Em se tratando dos Elementos do Tipo que constituem o crime contra o Patrimônio, modalidade Usurpação, tem-se como elementos objetivos as condutas descritas no caput do art. 2º, que são: “produzir” e “explorar”; assim como às descritas no parágrafo primeiro, quais sejam: “adquirir”, “transportar”, “industrializar”, “ter consigo”, “consumir” e “comercializar”. A conduta “produzir” significa fabricar ou criar, enquanto que “explorar” é sinônimo de aproveitar. Estas são condutas de usurpação, cujo sentido é obter algo por fraude ou engano. Os elementos subjetivos dizem respeito à conduta comissiva ou omissiva imprópria, dolosa sem fim especial de agir. Nota-se, portanto, que na modalidade do § 1º, o agente deve ter a consciência ou o conhecimento de que aquele produto é objeto de extração ilícita ou foi extraída em desacordo com a permissão. E o elemento normativo está contido na afirmação “sem autorização legal e em desacordo com as obrigações impostas pelo título autorizativo”. Trata-se de norma penal em branco em sentido estrito, “em face do conteúdo complementar advir de outra instância legal, que não a da norma primária incompleta”, qual seja: “neste dispositivo é oriunda, na sua quase totalidade, da Agência Nacional do Petróleo, Gás Natural e Biocombustíveis – ANP – através da Portaria ANP”. (SILVA et. al., 2010, p. 287-288).
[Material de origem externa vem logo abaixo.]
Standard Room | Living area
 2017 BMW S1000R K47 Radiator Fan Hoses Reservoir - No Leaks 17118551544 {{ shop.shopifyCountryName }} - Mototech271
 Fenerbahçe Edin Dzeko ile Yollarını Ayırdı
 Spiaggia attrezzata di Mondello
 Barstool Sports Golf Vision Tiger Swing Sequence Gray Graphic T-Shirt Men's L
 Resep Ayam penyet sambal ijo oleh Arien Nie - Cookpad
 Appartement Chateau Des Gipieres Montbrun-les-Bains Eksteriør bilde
A consumação deste crime (caput) se dá com a produção de bens ou a exploração de matérias-primas pertencentes à União, sem autorização legal e em desacordo com as obrigações impostas pelo título autorizativo. Em relação ao § 1º, segundo José Geraldo da Silva et. al. (2010, p. 288), referido crime consuma-se pelas “condutas de adquirir, transportar, ter consigo, consumir, comercializar, produto ou matéria-prima obtidos fraudulentamente”. A tentativa é admitida, em tese, nas condutas do caput, bem como, nas condutas do § 1º, exceto em relação à conduta “consumir”, no sentido de fazer uso. (SILVA et. al., 2010, p. 288).

O bem jurídico protegido é o Estado e, especificamente, o patrimônio da União. De acordo com Alessandra Rapassi Prado (2007, p. 18), “o bem jurídico aqui protegido é o patrimônio da União, composto, entre outras matérias-primas, pelos recursos minerais; e a lesão caracteriza-se pela usurpação desses objetos materiais”.

O objeto material deste tipo penal são os bens e matérias-primas pertencentes à União, em conformidade com o disposto no § 3º do art. 6º, da Lei nº. 9.478/97, em que “pertencem à União os depósitos de petróleo, gás natural e outros hidrocarbonetos fluidos existentes no território nacional, nele compreendidos a parte terrestre, o mar territorial, a plataforma continental e a zona econômica exclusiva”. As atividades econômicas, de que trata o § 3º supramencionado, “são reguladas e fiscalizadas pela União e poderão ser exercidas, mediante concessão ou autorização, por empresas constituídas sob as leis brasileiras, com sede na administração do país”. Nesse mesmo artigo são definidos todos os termos relacionados aos bens e matéria-prima que constituem propriedade da União. Entre os quais, cita-se: o Transporte (a movimentação de petróleo, seus derivados, biocombustíveis ou gás natural em meio ou percurso considerado de interesse geral) e a Lavra ou Produção (conjunto de operações coordenadas de extração de petróleo ou gás natural de uma jazida e de preparo para sua movimentação). (BRASIL, 1997).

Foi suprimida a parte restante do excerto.